A 1ª Turma do STF decidiu manter a condenação de sete réus ligados ao suposto golpe de Estado durante o governo Jair Bolsonaro. O julgamento, iniciado em fevereiro, inclui acusações de organização criminosa e tentativa de abolição do Estado Democrático de Direito. Os réus, alguns militares, planejavam ações violentas e disseminaram notícias falsas sobre as eleições.


Íntegra

A 1ª Turma do Supremo Tribunal Federal (STF) formou maioria de votos nesta segunda-feira, 23, para manter a condenação de sete réus do núcleo 3 da suposta trama golpista ocorrida durante o governo do ex-presidente Jair Bolsonaro e o início da atual gestão federal. O processo é referente aos atos de 8 de janeiro de 2023.

O colegiado realiza o julgamento dos recursos protocolados pela defesa dos condenados. O julgamento virtual começou no dia 13 de fevereiro e deverá ser finalizado nesta terça-feira, 24.

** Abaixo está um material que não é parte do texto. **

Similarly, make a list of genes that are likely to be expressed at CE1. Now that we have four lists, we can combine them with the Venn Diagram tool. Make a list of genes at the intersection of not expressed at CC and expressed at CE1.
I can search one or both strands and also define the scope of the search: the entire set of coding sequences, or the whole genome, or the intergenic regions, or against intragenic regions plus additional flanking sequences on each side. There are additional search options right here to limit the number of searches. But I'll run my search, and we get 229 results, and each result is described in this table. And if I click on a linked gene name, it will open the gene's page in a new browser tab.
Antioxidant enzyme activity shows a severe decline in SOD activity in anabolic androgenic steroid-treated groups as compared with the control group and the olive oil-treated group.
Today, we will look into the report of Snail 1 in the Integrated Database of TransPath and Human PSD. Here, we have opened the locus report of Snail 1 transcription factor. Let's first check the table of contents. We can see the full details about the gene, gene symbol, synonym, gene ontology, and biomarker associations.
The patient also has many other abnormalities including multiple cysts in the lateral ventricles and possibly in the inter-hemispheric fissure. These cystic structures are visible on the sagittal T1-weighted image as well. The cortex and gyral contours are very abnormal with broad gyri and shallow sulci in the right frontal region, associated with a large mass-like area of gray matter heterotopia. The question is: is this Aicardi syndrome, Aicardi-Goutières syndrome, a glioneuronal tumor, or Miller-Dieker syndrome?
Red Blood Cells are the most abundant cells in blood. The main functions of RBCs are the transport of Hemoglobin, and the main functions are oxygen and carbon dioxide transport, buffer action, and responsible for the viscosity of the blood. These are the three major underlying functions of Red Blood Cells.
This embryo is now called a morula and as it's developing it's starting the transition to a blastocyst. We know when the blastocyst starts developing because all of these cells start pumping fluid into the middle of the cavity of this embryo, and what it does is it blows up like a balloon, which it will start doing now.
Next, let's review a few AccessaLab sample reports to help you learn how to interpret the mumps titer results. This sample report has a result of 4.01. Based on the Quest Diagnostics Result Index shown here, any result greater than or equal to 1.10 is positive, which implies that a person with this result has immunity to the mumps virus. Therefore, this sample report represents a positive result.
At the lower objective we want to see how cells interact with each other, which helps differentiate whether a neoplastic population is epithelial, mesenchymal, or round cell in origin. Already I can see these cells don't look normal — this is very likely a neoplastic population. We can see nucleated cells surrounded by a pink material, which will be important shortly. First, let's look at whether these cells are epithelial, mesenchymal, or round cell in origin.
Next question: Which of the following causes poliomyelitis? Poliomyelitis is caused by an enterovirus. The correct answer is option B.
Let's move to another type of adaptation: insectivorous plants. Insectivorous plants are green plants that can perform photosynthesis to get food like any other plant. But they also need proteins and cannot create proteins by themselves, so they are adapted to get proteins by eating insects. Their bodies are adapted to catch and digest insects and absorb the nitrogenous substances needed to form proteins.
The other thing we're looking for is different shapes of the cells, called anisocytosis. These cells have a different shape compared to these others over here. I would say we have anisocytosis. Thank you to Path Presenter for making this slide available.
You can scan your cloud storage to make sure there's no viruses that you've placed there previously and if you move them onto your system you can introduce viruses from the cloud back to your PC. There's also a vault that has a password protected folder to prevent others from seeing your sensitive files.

No núcleo, há militares que faziam parte do grupamento de forças especiais do Exército, identificados como "kids pretos". Até o momento, Alexandre de Moraes, relator do caso no STF, e os ministros Cristiano Zanin e Flávio Dino votaram para manter as condenações, que foram definidas em novembro do ano passado. Falta o voto de Cármen Lúcia.

As condenações ocorreram pelos delitos de organização criminosa armada, tentativa de abolição violenta do Estado Democrático de Direito, golpe de Estado, dano qualificado pela violência e grave ameaça e deterioração de patrimônio tombado.

Os réus foram acusados pela Procuradoria-Geral da República de planejar ações táticas para efetivar o suposto plano golpista e tentar sequestrar e matar Moraes, o vice-presidente Geraldo Alckmin e o presidente Luiz Inácio Lula da Silva.

O grupo também teria disseminado notícias falsas sobre as eleições e feito pressão junto ao alto comando das Forças Armadas para aderirem ao movimento.